Considering hexoses only, the proportion of fructose was always higher than that of glucose, except in G. pindanica and G. albicans.

Flower size varied across species (Figure 4). The number of flowers evaluated for this variable was lower than the number of flowers evaluated for nectar composition, and for many species only one accession per species was evaluated. The hybrid G. max x G. tomentella had the largest flowers, however, only two flowers were evaluated (Table 7). G. tabacina and G. falcata also exhibited large flowers and the number of flowers evaluated was

8 and 16, respectively. The smallest flower perimeter was observed in G. aphynota, where only two flowers were evaluated. With a larger sample size (n=38), G. tomentella (diploid) also exhibited small flower size.

Analysis of variance

A multivariate analysis of variance (MANOVA) was performed using information from species where more than 10 flowers were evaluated. Pair-wise comparisons between species were performed using different sets of data. The first multivariate analysis included the response variables: sucrose, glucose, fructose, and carbohydrates content. Wilks lambda test and p-values were reported for each pair of species. Species that were not significantly different were grouped together. Using this approach, two groups were detected; one group was formed by G. falcata and G. canescens, and the other species formed a second group

(Table 8). Another multivariate analysis was performed using the variables sucrose/hexoses ratio, and sucrose, glucose, and fructose percentages. The same group patterns were detected using this approach (Table 9). After the multivariate analysis was done, a single factor analysis of variance (ANOVA) was performed for each sugar nectar variable. The variables 82

that contributed the most to the differences among wild perennial Glycine species were sugar ratio (F9:247= 29.23, P<0.0001), sucrose percentage (F9:247= 28.7, P<0.0001), glucose percentage (F9:247= 14.34, P<0.0001), fructose content (F9:256= 9.7, P<0.0001), sucrose content (F9:247= 8.6, P<0.0001), and total carbohydrates content (F9:256= 2.4, P=0.013).
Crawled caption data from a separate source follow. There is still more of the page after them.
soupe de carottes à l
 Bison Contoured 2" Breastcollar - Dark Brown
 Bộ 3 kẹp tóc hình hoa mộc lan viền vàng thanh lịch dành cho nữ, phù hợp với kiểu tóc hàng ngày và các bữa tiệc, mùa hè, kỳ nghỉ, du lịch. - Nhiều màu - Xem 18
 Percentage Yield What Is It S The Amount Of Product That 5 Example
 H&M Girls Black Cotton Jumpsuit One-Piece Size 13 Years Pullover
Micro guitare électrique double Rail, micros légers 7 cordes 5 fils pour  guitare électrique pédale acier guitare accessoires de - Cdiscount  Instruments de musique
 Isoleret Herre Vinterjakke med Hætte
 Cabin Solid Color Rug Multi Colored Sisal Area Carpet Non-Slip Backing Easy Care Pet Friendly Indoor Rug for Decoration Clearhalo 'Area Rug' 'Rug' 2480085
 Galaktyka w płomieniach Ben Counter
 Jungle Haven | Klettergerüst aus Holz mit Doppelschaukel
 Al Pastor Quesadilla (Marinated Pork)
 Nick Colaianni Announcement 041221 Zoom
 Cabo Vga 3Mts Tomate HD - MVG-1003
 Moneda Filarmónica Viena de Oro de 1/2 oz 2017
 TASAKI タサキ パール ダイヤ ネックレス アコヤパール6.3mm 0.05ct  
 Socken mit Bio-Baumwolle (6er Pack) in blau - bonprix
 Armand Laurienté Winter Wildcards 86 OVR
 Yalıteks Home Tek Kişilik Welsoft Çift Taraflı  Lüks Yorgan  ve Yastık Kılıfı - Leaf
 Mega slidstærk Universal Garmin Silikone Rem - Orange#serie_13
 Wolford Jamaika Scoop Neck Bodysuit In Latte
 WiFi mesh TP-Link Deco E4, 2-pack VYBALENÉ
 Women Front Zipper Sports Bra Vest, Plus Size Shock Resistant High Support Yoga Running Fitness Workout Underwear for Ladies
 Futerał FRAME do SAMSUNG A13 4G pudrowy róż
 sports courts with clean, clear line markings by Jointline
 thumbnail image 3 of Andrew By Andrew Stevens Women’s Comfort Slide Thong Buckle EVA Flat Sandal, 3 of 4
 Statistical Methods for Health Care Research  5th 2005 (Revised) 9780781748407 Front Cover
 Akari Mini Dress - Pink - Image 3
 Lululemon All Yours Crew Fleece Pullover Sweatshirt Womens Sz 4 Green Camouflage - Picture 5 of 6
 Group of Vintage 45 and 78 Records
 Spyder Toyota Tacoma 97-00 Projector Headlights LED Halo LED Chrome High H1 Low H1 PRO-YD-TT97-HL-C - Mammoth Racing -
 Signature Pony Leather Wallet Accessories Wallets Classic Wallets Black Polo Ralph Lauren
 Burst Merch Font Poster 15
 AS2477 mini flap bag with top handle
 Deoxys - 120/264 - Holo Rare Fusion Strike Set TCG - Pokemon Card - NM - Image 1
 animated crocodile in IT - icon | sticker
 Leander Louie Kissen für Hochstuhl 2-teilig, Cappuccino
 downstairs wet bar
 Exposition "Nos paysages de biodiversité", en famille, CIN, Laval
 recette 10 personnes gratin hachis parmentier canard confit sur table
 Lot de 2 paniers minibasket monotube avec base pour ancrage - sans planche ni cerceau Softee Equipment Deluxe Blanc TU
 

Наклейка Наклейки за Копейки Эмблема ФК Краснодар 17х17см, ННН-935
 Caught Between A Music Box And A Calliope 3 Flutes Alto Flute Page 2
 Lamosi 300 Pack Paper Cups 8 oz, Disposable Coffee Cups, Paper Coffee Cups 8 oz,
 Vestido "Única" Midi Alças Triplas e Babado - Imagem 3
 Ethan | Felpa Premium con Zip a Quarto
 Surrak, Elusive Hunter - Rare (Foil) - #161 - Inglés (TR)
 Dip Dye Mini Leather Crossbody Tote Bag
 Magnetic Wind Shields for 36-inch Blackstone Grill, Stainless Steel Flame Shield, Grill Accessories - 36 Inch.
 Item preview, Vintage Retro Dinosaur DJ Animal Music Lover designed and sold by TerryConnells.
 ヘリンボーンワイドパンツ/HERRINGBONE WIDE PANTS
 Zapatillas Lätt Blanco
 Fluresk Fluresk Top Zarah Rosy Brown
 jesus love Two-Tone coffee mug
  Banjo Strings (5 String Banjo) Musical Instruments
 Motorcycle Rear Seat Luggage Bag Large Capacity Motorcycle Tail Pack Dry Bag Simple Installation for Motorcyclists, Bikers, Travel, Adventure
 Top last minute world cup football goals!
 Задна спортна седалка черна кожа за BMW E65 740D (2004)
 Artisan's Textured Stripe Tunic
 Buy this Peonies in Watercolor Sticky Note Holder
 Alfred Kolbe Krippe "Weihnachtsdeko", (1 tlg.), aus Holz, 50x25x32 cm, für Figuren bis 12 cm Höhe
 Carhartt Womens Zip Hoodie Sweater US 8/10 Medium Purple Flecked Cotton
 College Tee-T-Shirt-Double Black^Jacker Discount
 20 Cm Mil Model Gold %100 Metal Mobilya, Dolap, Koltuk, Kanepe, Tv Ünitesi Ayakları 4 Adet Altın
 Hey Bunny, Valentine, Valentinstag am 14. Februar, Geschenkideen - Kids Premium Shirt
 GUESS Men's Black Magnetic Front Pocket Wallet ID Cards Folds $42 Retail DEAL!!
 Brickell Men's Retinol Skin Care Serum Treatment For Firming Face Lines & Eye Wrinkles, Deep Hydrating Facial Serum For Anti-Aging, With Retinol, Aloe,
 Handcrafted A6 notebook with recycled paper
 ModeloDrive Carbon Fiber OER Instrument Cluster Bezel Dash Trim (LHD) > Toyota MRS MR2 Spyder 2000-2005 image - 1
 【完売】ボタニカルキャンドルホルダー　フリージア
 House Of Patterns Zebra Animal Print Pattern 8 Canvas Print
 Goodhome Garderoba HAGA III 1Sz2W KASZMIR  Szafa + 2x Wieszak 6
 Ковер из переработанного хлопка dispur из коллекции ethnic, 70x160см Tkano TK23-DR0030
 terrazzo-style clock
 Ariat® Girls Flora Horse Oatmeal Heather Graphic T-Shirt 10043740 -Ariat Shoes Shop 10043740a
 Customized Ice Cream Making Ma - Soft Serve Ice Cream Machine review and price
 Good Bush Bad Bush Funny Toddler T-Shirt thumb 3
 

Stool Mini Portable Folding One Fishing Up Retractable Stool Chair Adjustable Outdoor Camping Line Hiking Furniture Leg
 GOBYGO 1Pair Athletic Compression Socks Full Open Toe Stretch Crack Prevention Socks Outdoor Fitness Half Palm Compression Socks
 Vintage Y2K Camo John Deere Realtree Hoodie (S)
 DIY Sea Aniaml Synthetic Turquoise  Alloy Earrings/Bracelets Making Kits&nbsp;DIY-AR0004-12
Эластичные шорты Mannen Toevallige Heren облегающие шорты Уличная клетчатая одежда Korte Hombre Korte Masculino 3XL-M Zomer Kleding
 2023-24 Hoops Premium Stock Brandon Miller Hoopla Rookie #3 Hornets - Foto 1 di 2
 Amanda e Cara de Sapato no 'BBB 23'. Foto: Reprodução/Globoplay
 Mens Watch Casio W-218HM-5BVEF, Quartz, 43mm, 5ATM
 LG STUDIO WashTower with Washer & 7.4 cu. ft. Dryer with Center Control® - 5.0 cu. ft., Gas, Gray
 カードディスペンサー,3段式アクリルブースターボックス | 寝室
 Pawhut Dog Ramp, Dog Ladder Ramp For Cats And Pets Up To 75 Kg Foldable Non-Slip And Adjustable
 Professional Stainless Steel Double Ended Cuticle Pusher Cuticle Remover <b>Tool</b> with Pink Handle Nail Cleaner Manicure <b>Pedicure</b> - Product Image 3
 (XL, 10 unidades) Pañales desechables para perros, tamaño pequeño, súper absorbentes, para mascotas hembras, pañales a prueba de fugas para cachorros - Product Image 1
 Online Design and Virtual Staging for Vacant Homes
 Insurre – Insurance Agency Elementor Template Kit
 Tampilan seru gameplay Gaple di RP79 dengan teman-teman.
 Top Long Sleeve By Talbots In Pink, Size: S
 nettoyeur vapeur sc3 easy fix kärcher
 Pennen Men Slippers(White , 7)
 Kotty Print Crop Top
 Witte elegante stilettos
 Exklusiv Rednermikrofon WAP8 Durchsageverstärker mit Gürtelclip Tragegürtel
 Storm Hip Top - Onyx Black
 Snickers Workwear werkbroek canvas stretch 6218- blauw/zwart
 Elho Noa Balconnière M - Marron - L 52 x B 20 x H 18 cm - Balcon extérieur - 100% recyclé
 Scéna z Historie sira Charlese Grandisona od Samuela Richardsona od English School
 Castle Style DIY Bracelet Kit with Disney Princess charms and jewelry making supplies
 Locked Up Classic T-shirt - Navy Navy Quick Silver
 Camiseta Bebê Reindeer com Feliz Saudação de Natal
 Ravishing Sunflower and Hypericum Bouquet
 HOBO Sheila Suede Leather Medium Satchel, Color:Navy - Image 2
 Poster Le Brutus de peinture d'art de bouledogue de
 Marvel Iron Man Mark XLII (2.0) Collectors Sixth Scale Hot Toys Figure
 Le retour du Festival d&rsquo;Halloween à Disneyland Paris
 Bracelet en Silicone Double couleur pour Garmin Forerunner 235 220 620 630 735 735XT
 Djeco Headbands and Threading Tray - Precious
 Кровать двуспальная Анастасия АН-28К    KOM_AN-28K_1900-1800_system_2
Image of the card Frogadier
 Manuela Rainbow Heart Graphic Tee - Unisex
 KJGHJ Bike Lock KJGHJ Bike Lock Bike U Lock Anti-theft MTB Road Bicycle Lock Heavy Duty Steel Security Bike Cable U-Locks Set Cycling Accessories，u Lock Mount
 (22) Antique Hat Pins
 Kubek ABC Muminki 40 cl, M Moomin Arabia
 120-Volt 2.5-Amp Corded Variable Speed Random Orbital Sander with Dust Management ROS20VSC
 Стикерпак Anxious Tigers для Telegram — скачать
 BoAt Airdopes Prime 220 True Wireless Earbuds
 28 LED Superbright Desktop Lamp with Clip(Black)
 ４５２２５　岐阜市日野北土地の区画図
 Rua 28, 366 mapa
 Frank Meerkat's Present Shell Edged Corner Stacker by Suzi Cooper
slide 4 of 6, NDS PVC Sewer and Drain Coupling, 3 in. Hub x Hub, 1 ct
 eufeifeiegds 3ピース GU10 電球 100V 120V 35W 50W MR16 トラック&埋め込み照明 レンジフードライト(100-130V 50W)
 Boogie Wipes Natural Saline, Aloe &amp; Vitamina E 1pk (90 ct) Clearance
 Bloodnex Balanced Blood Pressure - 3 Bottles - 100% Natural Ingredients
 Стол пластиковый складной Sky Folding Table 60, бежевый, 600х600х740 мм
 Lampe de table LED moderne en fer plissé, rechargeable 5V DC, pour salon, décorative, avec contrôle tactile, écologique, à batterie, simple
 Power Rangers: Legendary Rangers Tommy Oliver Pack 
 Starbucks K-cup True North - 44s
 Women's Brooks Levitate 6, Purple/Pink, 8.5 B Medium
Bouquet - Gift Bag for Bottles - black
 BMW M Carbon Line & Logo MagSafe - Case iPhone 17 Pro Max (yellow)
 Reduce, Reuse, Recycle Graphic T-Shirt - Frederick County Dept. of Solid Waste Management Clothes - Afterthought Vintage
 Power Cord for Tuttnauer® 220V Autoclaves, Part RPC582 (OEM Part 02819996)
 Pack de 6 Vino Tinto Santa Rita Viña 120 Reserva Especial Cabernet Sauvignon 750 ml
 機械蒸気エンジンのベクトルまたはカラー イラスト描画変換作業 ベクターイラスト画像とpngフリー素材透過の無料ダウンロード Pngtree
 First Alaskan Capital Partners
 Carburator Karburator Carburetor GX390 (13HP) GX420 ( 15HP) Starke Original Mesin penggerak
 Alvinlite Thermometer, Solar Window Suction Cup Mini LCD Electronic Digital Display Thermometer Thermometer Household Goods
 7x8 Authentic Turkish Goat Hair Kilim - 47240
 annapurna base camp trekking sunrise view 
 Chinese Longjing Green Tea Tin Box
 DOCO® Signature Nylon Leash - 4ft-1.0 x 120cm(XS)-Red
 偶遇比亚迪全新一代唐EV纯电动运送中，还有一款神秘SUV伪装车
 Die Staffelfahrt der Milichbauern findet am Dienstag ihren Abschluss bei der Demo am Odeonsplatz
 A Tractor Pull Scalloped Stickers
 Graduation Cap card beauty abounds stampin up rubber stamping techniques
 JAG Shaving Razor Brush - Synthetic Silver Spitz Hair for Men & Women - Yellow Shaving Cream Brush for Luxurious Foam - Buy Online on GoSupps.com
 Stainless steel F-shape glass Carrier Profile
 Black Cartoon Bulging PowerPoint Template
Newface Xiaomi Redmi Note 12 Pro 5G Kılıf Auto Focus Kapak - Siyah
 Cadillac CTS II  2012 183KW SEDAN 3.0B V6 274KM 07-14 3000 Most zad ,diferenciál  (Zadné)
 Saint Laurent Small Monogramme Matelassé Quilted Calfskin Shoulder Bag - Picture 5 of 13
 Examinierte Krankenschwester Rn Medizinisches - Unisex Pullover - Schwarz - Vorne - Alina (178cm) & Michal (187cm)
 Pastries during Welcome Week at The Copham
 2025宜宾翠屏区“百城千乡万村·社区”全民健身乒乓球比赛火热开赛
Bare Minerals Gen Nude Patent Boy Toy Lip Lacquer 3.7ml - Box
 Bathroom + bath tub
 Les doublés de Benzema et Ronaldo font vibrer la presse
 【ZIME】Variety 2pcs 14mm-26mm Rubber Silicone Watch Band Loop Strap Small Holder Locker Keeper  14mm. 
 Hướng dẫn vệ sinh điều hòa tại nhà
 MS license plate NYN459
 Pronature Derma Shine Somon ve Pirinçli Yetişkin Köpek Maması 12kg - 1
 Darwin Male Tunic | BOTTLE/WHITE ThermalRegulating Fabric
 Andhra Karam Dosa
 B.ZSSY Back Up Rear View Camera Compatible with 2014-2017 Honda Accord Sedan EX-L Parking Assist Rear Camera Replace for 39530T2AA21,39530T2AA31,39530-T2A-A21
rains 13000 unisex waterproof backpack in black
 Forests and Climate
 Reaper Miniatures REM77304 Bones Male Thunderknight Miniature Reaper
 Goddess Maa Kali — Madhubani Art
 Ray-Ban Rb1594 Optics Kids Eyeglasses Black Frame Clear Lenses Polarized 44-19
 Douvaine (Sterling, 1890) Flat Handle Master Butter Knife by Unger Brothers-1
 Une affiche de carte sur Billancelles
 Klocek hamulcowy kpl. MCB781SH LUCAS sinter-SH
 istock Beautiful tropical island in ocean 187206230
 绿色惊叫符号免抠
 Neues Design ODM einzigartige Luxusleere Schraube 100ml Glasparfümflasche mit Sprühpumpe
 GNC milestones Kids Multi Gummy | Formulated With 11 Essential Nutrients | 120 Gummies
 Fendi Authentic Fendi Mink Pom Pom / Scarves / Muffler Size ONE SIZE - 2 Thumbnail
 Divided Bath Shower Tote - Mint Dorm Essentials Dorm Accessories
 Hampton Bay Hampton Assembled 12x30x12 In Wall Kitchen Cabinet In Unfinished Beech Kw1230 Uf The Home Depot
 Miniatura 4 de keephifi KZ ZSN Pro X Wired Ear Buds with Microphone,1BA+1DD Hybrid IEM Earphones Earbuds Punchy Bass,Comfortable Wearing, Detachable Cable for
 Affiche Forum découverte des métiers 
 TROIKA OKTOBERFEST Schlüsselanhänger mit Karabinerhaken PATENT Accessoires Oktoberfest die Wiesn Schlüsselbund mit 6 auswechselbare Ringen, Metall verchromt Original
An ANOVA for flower perimeter was performed with species with more than six flowers evaluated. Species were significantly (F9:69 = 8.05, P < 0.0001) different for flower size. Pair-wise comparisons between species, using t-test, were done. Glycine tomentella

(diploid) had significantly smaller flower size than that of the other species, except for G. lactovirens, where no significant differences were observed (Table 10). Glycine tabacina flowers were larger than those of the other perennial Glycine species. However, these differences were significant only for G. canescens, and G. tomentella (diploid). The second largest flowers were observed for G. falcata. Its flowers were significantly larger than those of G. canescens, and G. tomentella (diploid and tetraploid).

DISCUSSION

Nectar composition and flower size of 19 wild perennial Glycine species were assessed. Variation was found for nectar sugar composition and flower size across all species. Perennial Glycine species have predominantly sucrose-rich nectars. Species with sucrose-rich nectar usually are pollinated by hummingbirds, butterflies, moths, and long- tongued bees; conversely, flowers with hexose-rich nectar are pollinated by short-tongued bees, flies, perching birds, and bats (Baker and Baker, 1983; Freeman et al., 1985; Lammers 83

and Freeman, 1986; Baker et al., 1998; Perret et al., 2001; Dupont et al., 2004; KrÖmer et al.,

2008). To date, no studies on pollinator syndrome of the perennial Glycine have been reported. The cultivated soybean is pollinated by short-tongued bees from the families

Apidae, Megachilidae, Halictidae, Anthophoridae, and Adrenidae (Erickson, 1975; Chang and Kiang, 1987; Ortiz-Perez et al., 2007; Perez et al., 2009). Pollinators from the

Lepidoptera family also have been observed on soybean (Chiari et al., 2005).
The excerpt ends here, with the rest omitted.